The Crown producers apologize for wage-gap scandal, won't say if Claire Foy will get back pay
One week after leaving fans of its series The Crown angrily clutching their pearls after it was revealed that star Claire Foy was being paid less for her role as Queen Elizabeth II than her co-star Matt Smith was being paid to play Elizabeth’s husband and not-queen Prince Phillip, production company Left Bank has apologized for the whole indiscreet affair. Said indiscretion seems to be more on Left Bank’s mind than the actual pay inequality itself, as the company goes out of its way to apologize to both Foy and Smith in its statement. It reads:
We want to apologize to both Claire Foy and to Matt Smith, brilliant actors and friends, who have found themselves at the center of a media storm this week through no fault of their own. Claire and Matt are incredibly gifted actors who, along with the wider cast on The Crown have worked tirelessly to bring our characters to life with compassion and integrity. As the producers of The Crown, we at Left Bank Pictures are responsible for budgets and salaries; the actors are not aware of who gets what, and cannot be held personally responsible for the pay of their colleagues.
Left Bank also expressed its support for closing the gender pay gap in film and TV, but wouldn’t comment on whether it would retroactively award Foy with a salary truly fit for a queen. As usual, the culprit here seems to be the system of “quotes” that typically dictates pay negotiations for actors, in which an actor is paid based on the size and success of their previous roles rather than the current one. Smith was fresh off of a run as Doctor Who when he signed on for The Crown, a role that was deemed higher-profile and therefore more bankable than Foy’s role as Anne Boleyn in the BBC historical series Wolf Hall.
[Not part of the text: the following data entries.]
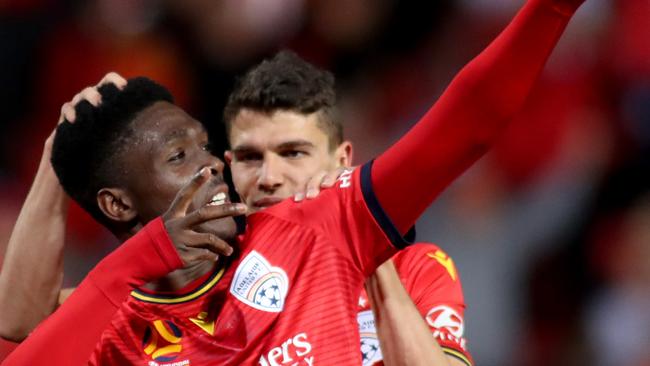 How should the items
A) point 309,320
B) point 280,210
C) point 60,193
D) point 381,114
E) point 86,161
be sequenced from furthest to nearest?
point 381,114 < point 60,193 < point 86,161 < point 280,210 < point 309,320

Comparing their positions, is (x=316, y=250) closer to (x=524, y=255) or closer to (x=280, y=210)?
(x=280, y=210)

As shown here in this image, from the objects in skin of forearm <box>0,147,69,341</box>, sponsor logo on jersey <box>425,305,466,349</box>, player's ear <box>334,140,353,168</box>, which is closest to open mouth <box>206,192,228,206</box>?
skin of forearm <box>0,147,69,341</box>

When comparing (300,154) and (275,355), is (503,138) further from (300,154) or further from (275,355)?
(275,355)

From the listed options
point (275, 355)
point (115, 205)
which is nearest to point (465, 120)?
point (275, 355)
In this way, even when they do end up landing a rare title role, women end up getting paid less for those roles based on the dozens of girlfriends and wives and other secondary characters they’ve been forced to play in the past. It’s a systemic obstacle, in other words, one that reflects the conscious and unconscious biases of the men who are still overwhelmingly writing and greenlighting film and TV projects, even those that star women. Ah, show business.